Project/Area Number	17K00237
Research Category	Grant-in-Aid for Scientific Research (C)
Allocation Type	Multi-year Fund
Section	一般
Research Field	Perceptual information processing
Research Institution	Nara Institute of Science and Technology
Principal Investigator	Sakti Sakriani 奈良先端科学技術大学院大学, 先端科学技術研究科, 特任准教授 (00395005)
Co-Investigator(Kenkyū-buntansha)	中村哲奈良先端科学技術大学院大学, データ駆動型サイエンス創造センター, 教授 (30263429)

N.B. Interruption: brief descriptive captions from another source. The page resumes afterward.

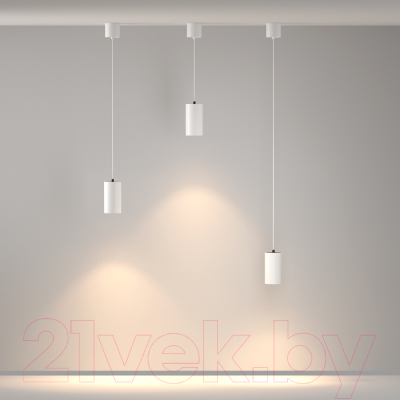 Люстра Maytoni Pendant P100PL-20W3K-W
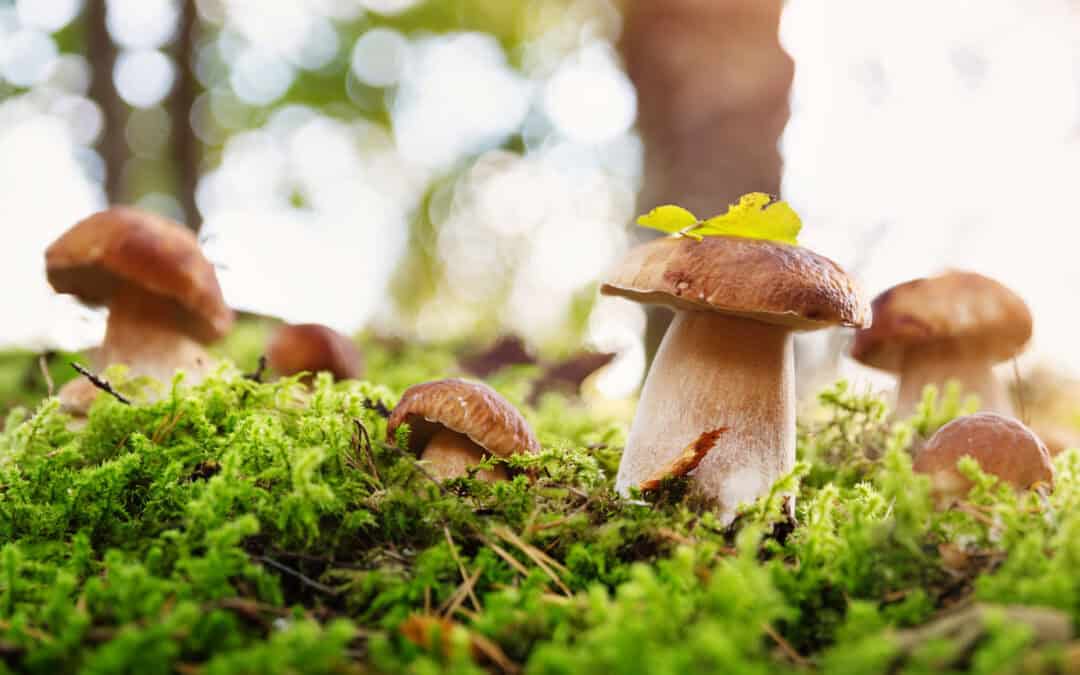 Tipps zum Pilzesammeln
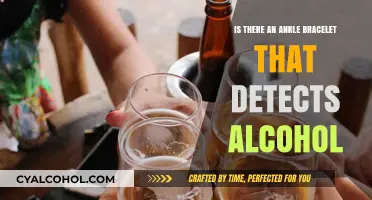 Alcohol-Detecting Ankle Bracelets: Monitoring Sobriety with Wearable Tech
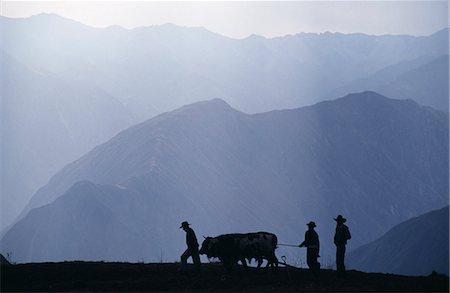 plow - Peru,Colca Canyon. Silhouetted ploughmen with oxen Stock Photo - Rights-Managed, Code: 862-03360742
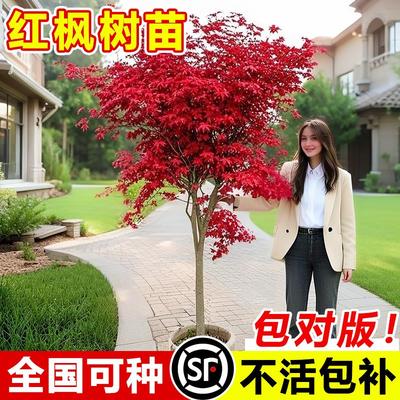 日本红枫树苗四季舞姬风景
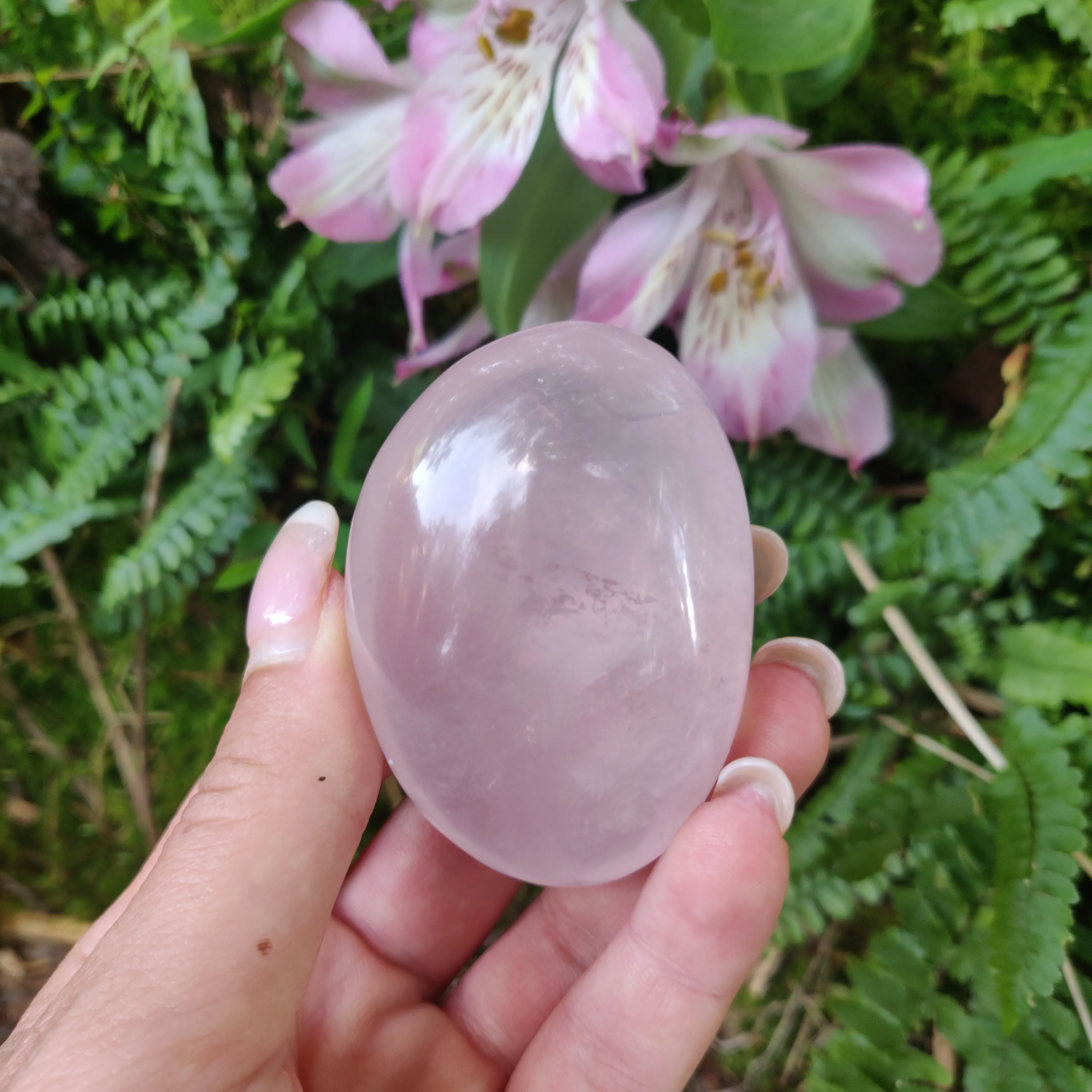Rose Quartz Palm Stone, Star Rose Quartz (#3)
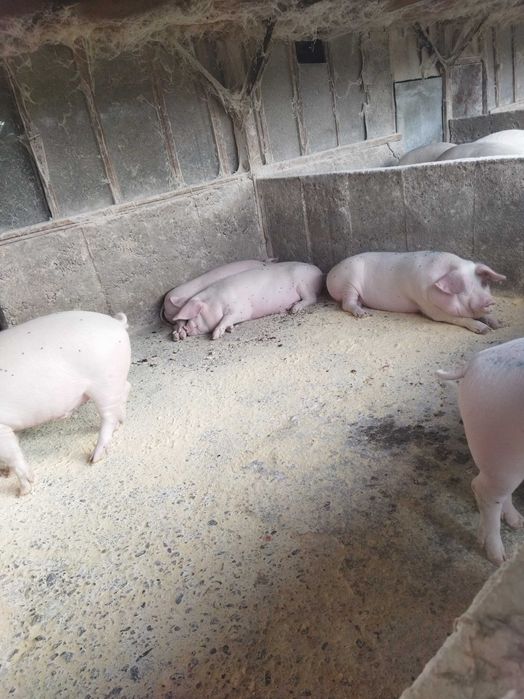 Продавам прасета от 100-120 кг.област Пловдив.Цена по договаряне.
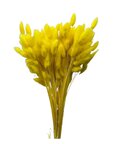 Lagurus Ovatus botte coloris Jaune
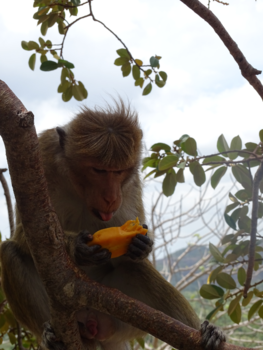 Sri Lanka - Lekker snoepgoed!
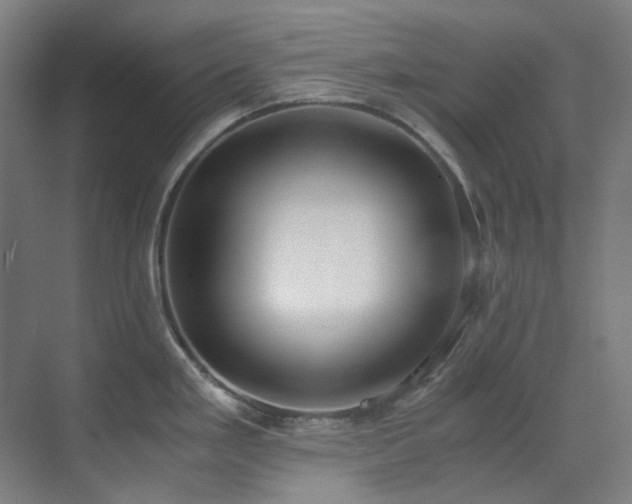 X0000071351293200606261332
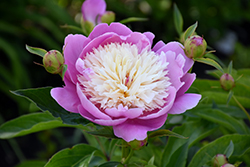 Bowl Of Beauty Peony (Paeonia 'Bowl Of Beauty') at Creekside Home & Garden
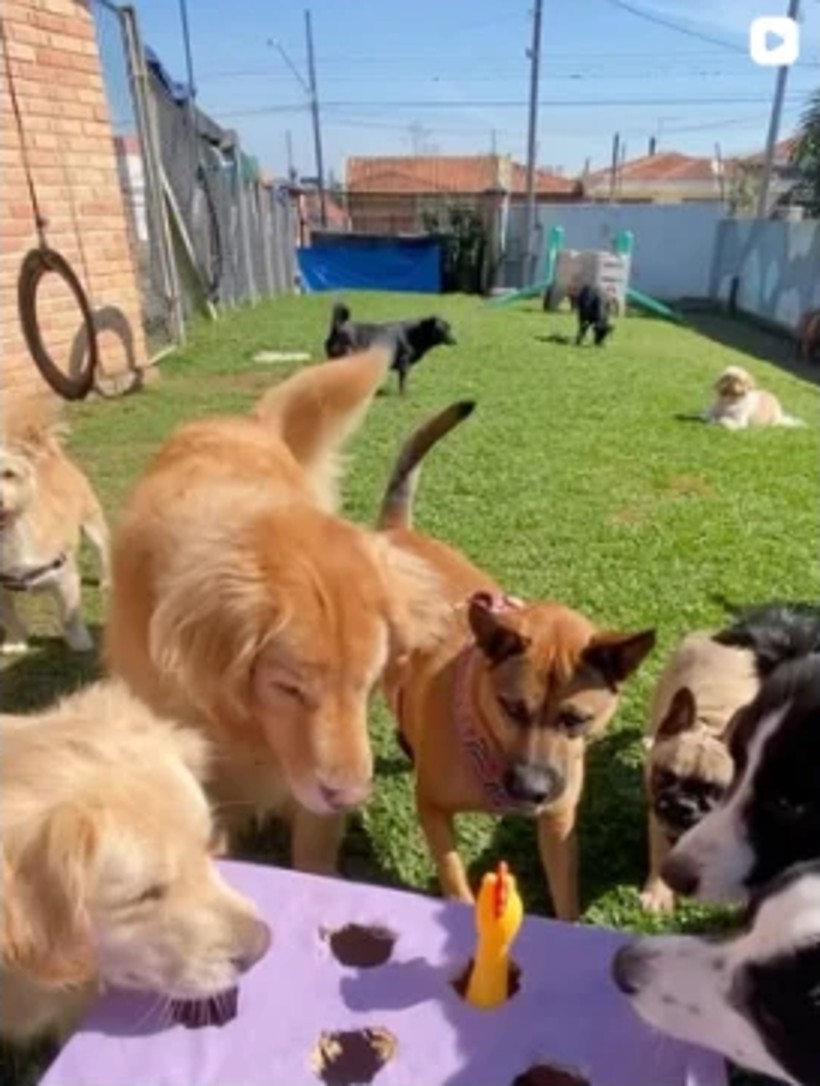 Cães brincando com enriquecimento ambiental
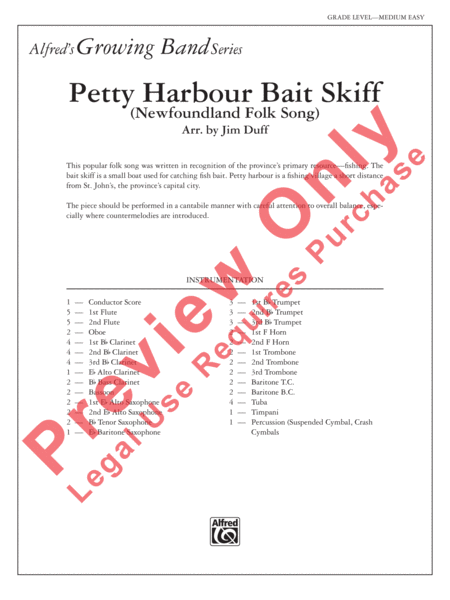 Petty Harbour Bait Skiff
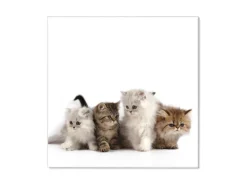 Banjado Magnettafel 50x50cm Magnetwand Weiß Aus Metall Magnetpinnwand Pinnwand Inkl. 4 Magnete Motiv Kaetzchen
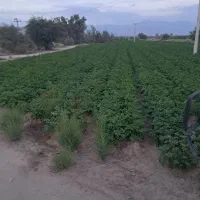 زمین کشاورزی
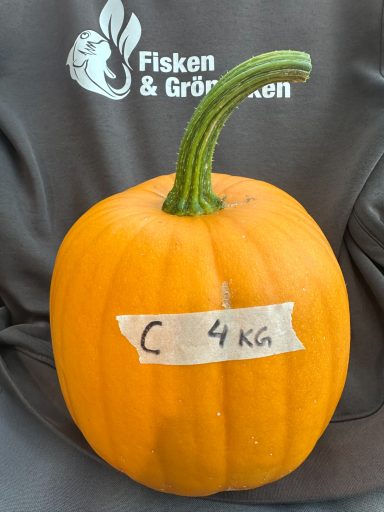 Pumpa C, (4kg), 100:- Pumpa C, (4kg), 100:-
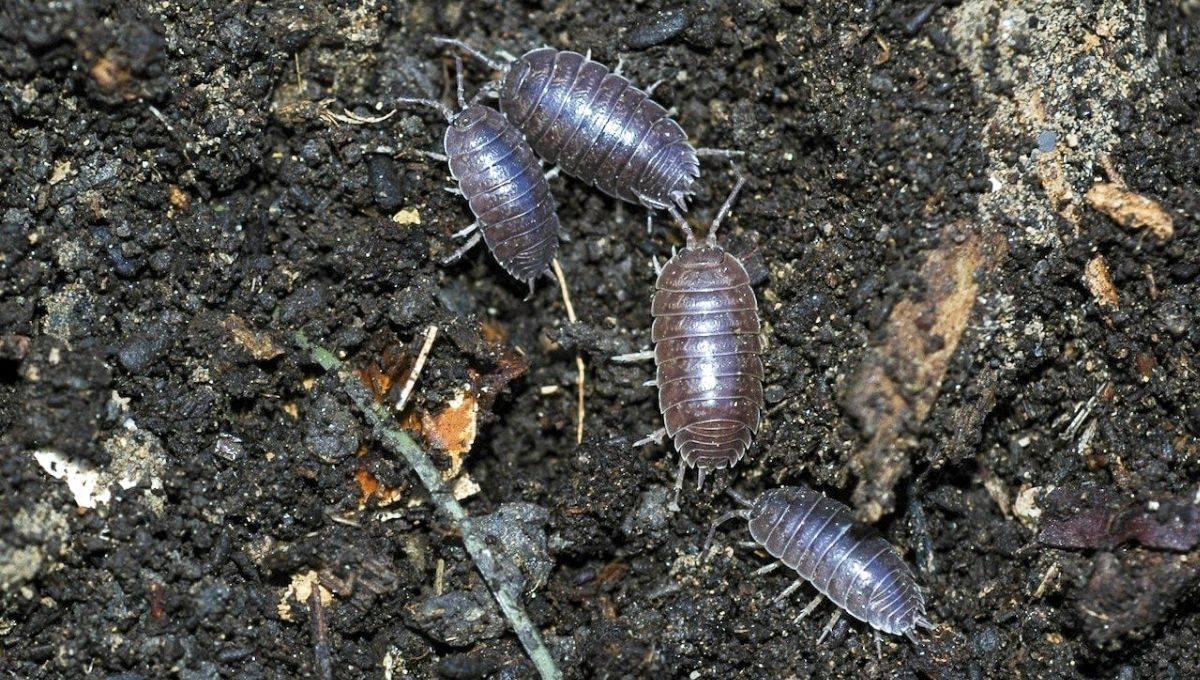 Meeting a Spiritual Guardian in Rollie Pollie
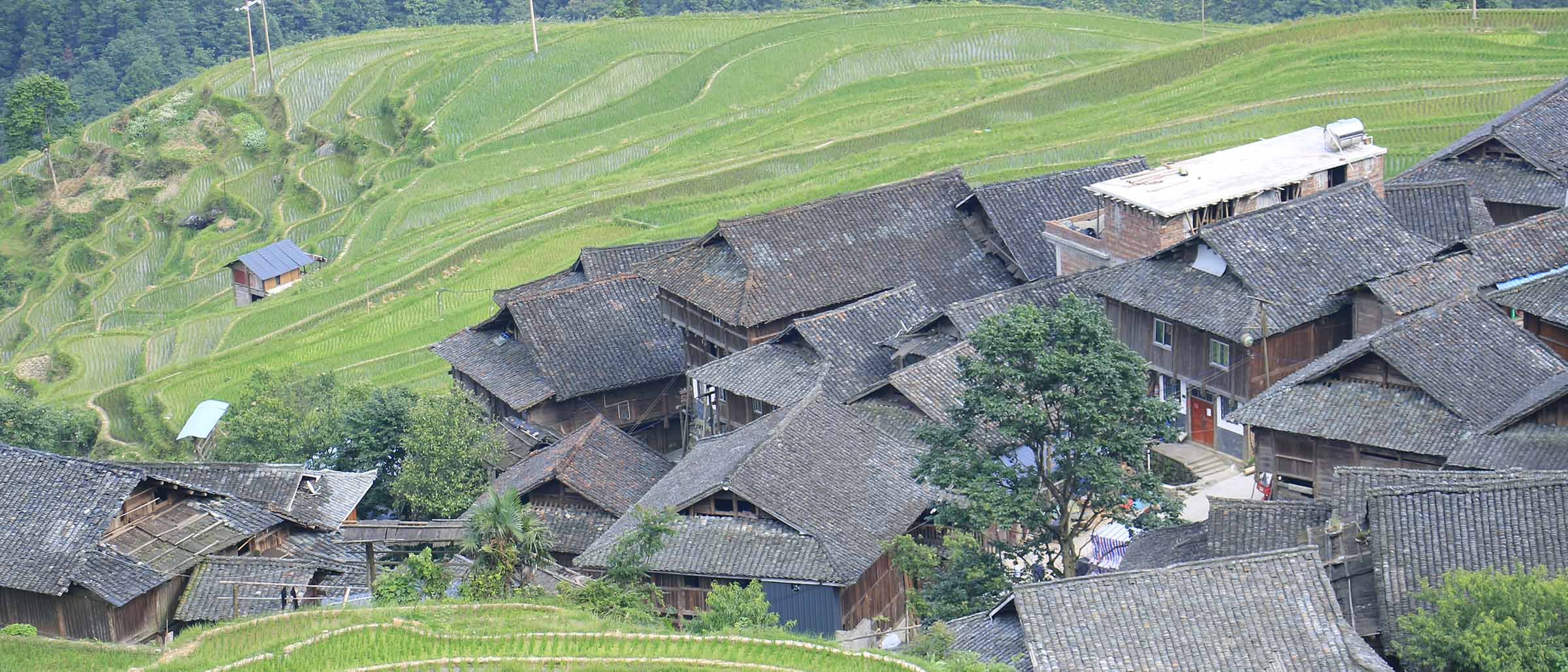 Guizhou.jpg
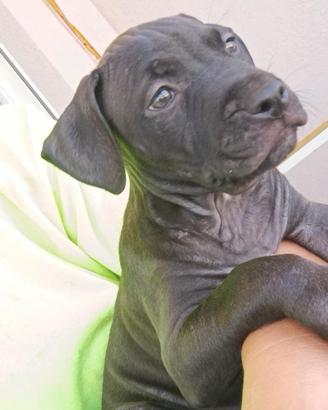 Splendido cucciolo di American Pitbull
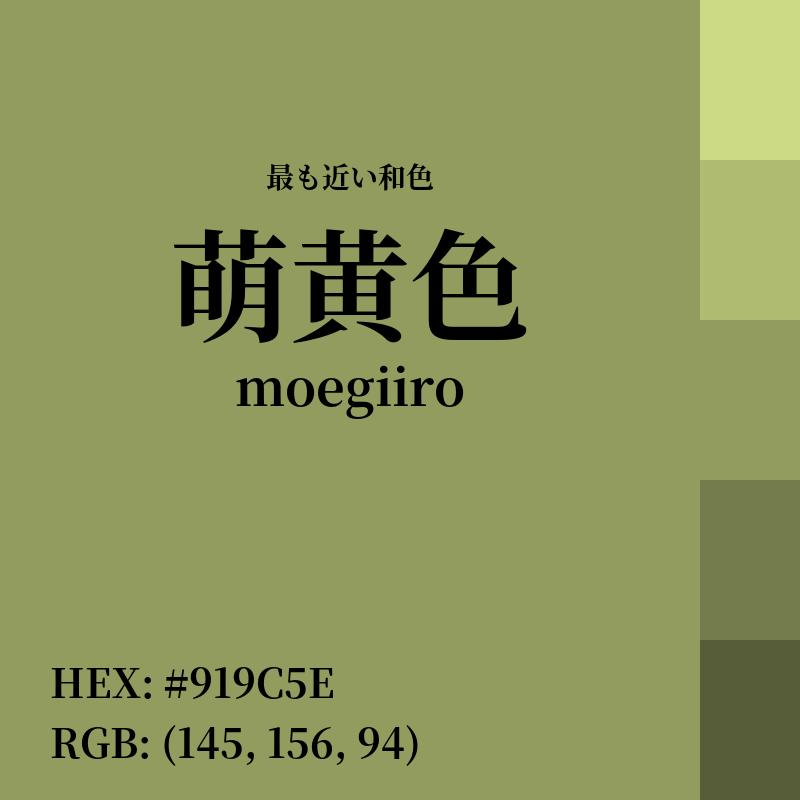 #919C5E : 最も近い和色「萌黄色 (moegiiro)」
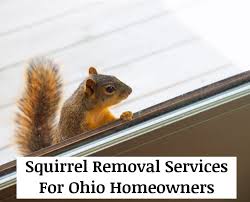 columbus squirrel removal co 399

Project Period (FY)	2017-04-01 – 2020-03-31
Keywords	音声認識 / ゼロ資源音声技術 / 脳波 / 音声翻訳
Outline of Final Research Achievements	With the Tokyo Olympics and Paralympics approaching, language barriers between tourists are becoming critical problems to overcome. Current speech recognition and speech translation have been readily available, but only for several languages where large resources are available. Here, we addressed zero-resource speech problem where language specific knowledge and collection of transcribed data are not available. In order to understand the unknown language, we analyzed and investigated the process by which the human brain processes language. In addition, we have developed a closed-loop speech chain model based on deep learning so that we can learn how to listen while the machine is speaking. This is the first deep learning model that integrates human speech recognition and production behavior.
Free Research Field	情報学
Academic Significance and Societal Importance of the Research Achievements	アフリカ言語（ツォンガ語）とインドネシア言語のゼロリソースモデリングの構築に成功した。また、2017年と2019年の世界ゼロ資源スピーチチャレンジに参加し、提案手法で上位結果を得ることができた。さらに、深層学習に基づく閉ループスピーチチェインモデルを開発して、機械が話している間、聞く方法を学習できるようにした。2019年では世界言語言語コンソーシアムのためにユネスコとも協力した。この研究の結果は、トップ会議（ASRU、Interspeech、ICASSP）とトップジャーナル(IEEE / ACM TASLP)で公開された。さらに、スピーチチェインモデルの特許も取得した。